In November 1824 The Morning Post stated that:

MRS. MARDYN.

This beautiful woman, and popular actress, has recently returned to her native country, after a voluntary seclusion of four years upon the Continent, during which she has visited various parts of Germany, Italy, &c. &c. devoting herself to the study of their languages, and a cultivation of their literature.

Captain Medwin’s recent publication has happily cleared the character of this much-injured Lady, in so decided and unequivocal a manner, that the most inveterate malignity no longer can venture a reflection.

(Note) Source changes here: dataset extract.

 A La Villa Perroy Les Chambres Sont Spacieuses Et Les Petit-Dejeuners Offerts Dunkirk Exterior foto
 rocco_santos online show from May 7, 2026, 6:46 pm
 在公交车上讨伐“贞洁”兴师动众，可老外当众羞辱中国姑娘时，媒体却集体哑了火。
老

The slanderous rumour, which so long and cruelty coupled her name with that of Lord Byron, was, in its origin, a misapprehension wholly inexplicable. It now is proved that his Lordship never met Mrs. Mardyn out of the Green-room of Drury-lane Theatre, and even there scarcely ever noticed her beyond the mere compliment of a passing bow. Nevertheless, utterly unfounded as that rumour actually was, at one time, it obtained so general a credit, that both the reputation and the feelings of its innocent victim were outraged by it to the direst extreme.

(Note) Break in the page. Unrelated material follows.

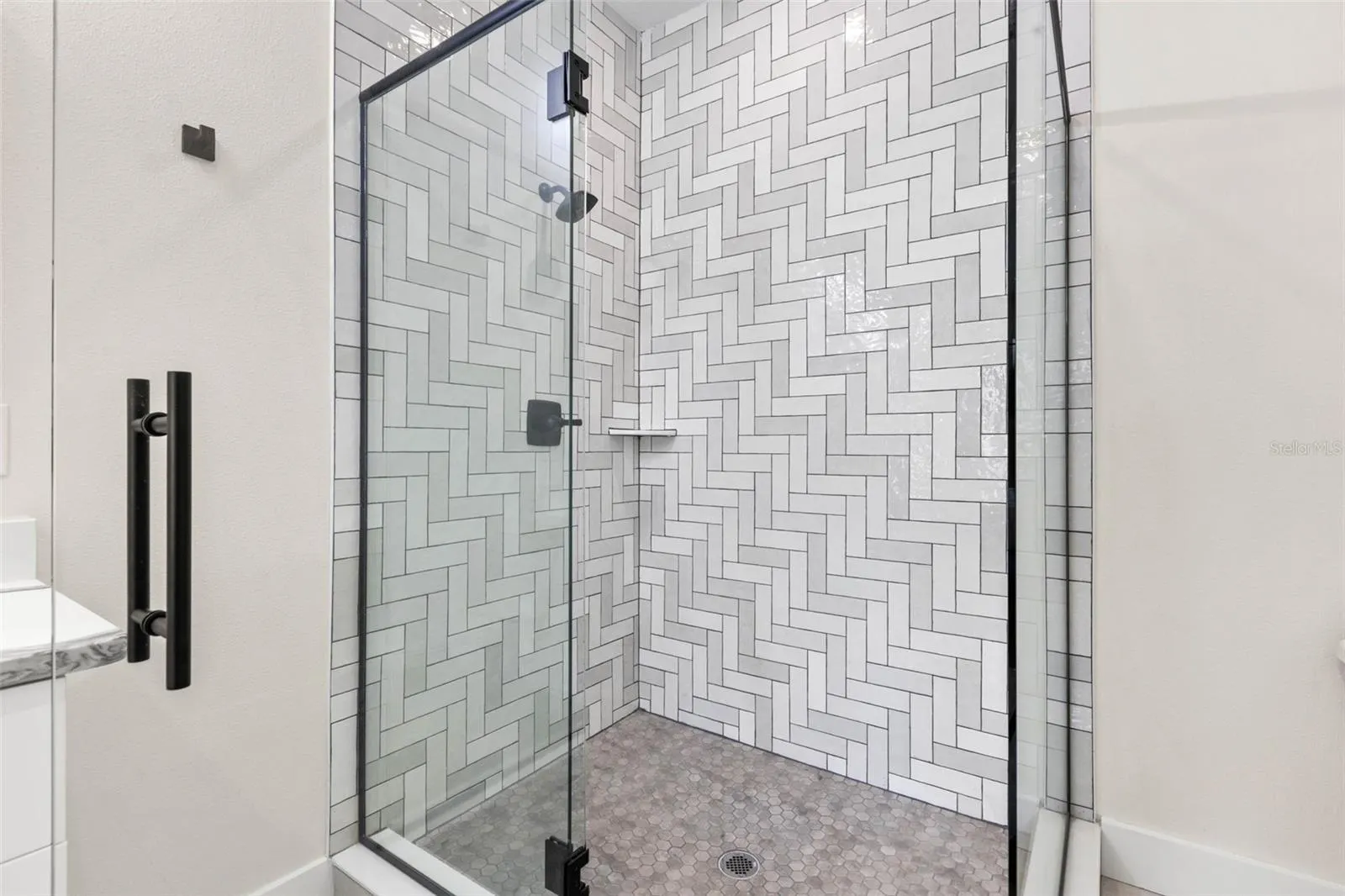 121 E WARREN AVE #1, #1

Mrs. Mardyn, upon her retirement from the stage, had realised, out of the profits of her brief but brilliant theatrical career, a genteel independence. She has no intention of accepting any new engagement.

In 1834 Byron's historical tragedy in blank verse Sardanapalus (1821) was performed at the Theatre Royal, Drury Lane with Macready taking the title role. Byron had intended his play as a closet piece, writing that it was "expressly written not for the theatre" and his wish was respected during his lifetime. It was said at the time that Byron had written the part of Myrrha for Mardyn because of his relationship with her, but as he had not written it to be performed this claim is unlikely and her proposed casting in the role in 1834 was probably a hoax perpetrated by the playwright William Dimond. The part went to Ellen Tree.

A portrait of Mardyn by Thomas Charles Wageman (1787-1863) is in the Royal Collection.